- The SEC has issued proposed Rule 127B pursuant to Section 621 of the Dodd-Frank Act.
Rule 127B prohibits a securitization participant (i.e., an underwriter, placement agent, initial purchaser, sponsor or any affiliate or subsidiary of any such party) from engaging in a transaction that would result in a “material conflict of interest” with respect to an investor.
- This prohibition is in effect for the period ending on the first anniversary of the first closing of the sale of the asset-backed security. However, Rule 127B does not specify the date on which the period begins.
- Rule 127B covers transactions between a securitization participant and an investor. Rule 127B does not cover any transaction between investors or between securitization participants.

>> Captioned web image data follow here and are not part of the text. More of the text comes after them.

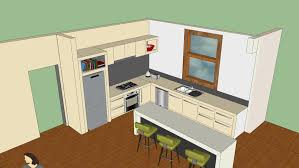 kitchen l shaped with island bench 3d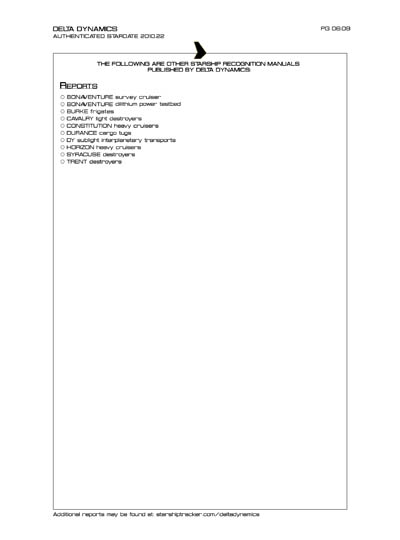 Star Fleet Starship Recognition Manual: DY Sublight Transports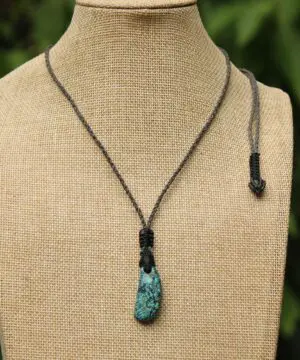 Shattuckite Necklace, Gem silica Australian made macrame cord healing jewellery, blue stone pendant, Chrysocola, Tourquise, Azurite Pendant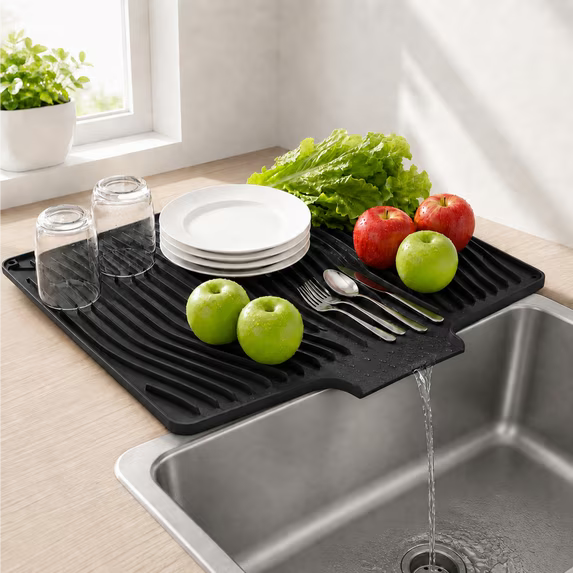TIKNIK Silicone Dish Drying Mat – Non-Slip Kitchen Counter Mat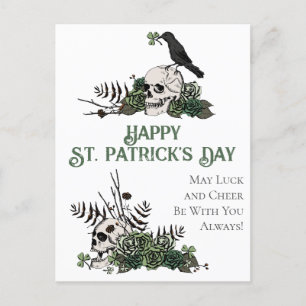 Irish Green Floral Skulls Happy St. Patrick's Day Postkarte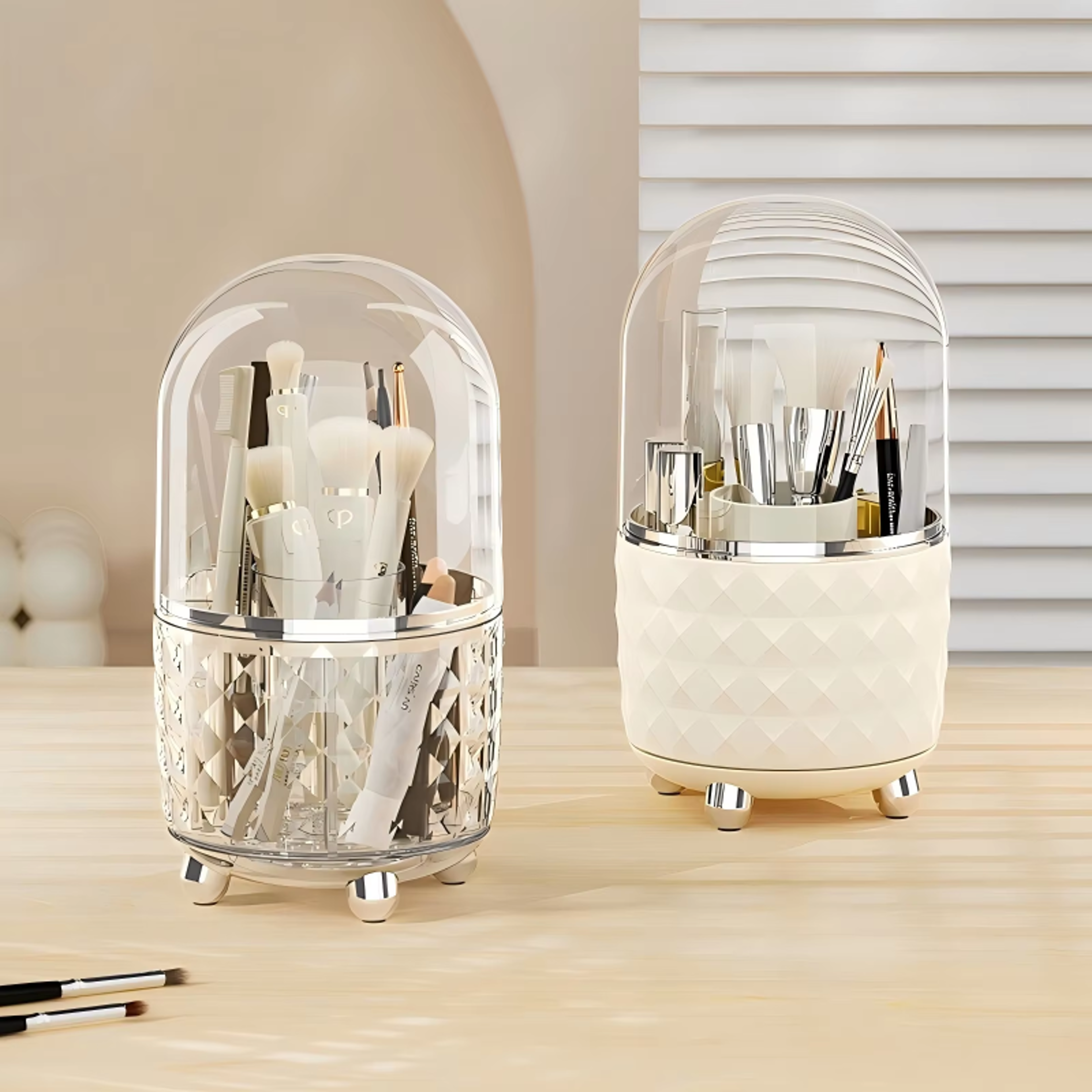 360° rotating makeup organizer with dustproof lid cosmetic brush holder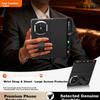 Pipike Wristband Drop-Resistant Genuine Leather Full-Cover Flip Case for Huawei Mate X7 Foldable Screen, Magnetic Obsidian Black Protective Cover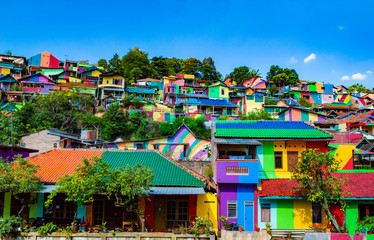 Semarang, Indonesia - 27th May 2017: Colorful houses in Kalisari Rainbow Village (Kampung Pelangi...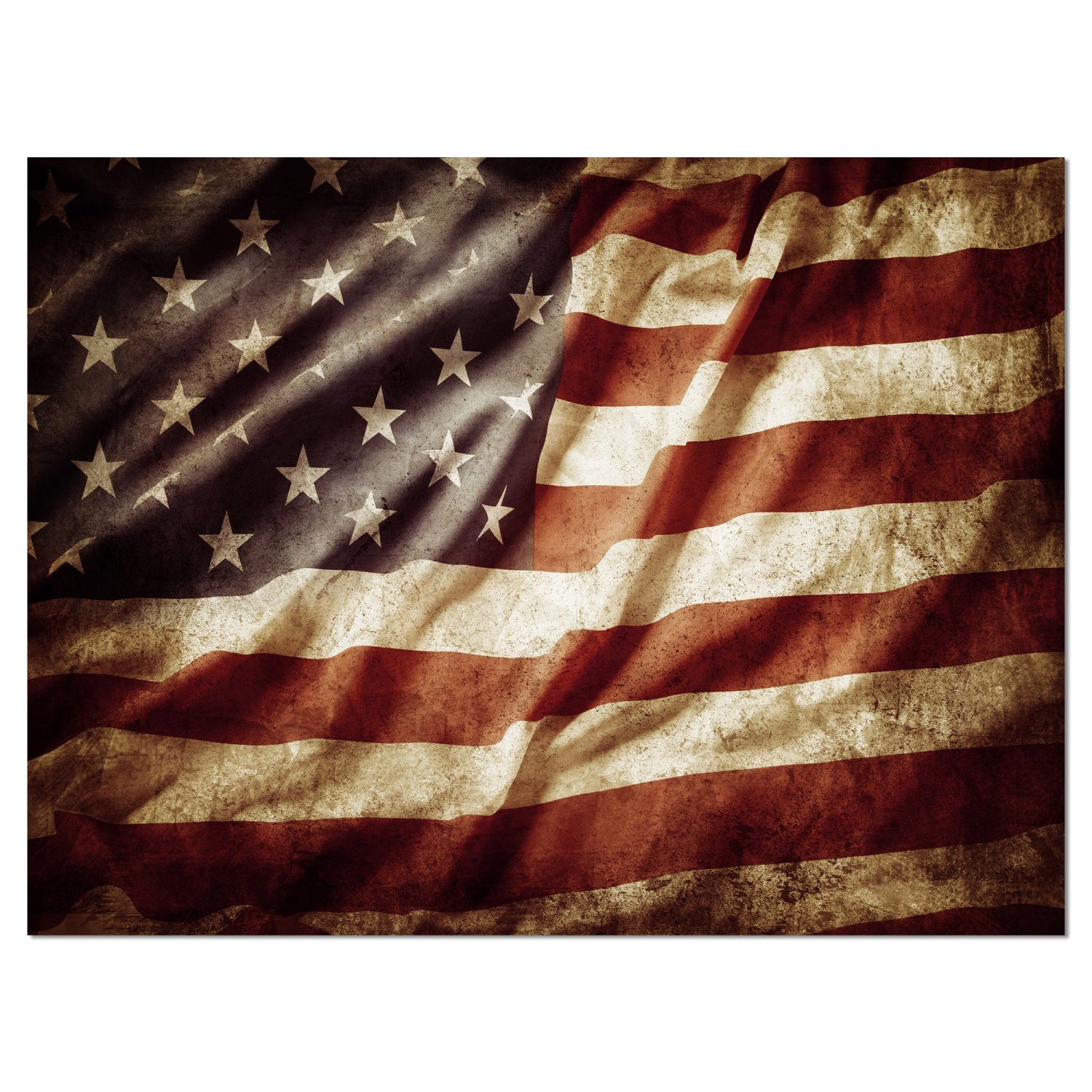 American Flag Contemporary Canvas Art Print - Patriotic Wall Decor for Home, Office & Gifts | USA Flag Painting for Living Room, Bedroom & Office Spaces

SEC commentary provides “interpretive guidance” on many aspects of Rule 127B, including the following two-part test for determining whether a material conflict of interest exists:
- A securitization participant benefits directly or indirectly from a short transaction or from permitting a third party to structure the ABS or select the assets in a way that facilitates or creates an opportunity for that third party to benefit from a short transaction; and
- There is a substantial likelihood that a reasonable investor would consider the conflict important to its investment decision.
- SEC commentary also provides several examples of the application of Rule 127B.
- Rule 127B contains exceptions for risk-mitigating hedging activities, liquidity commitments and bona fide market making.
- Rule 127B applies to “asset-backed securities” as defined by the Dodd-Frank Act (which, for purposes of Rule 127B, includes synthetic asset-backed securities).
- Rule 127B applies to public and private offerings of asset-backed securities.
- Rule 127B contains no safe harbor for foreign issuers or foreign transactions.
- Compliance is required upon issuance of final Rule 127B, unless final Rule 127B contains a transition period.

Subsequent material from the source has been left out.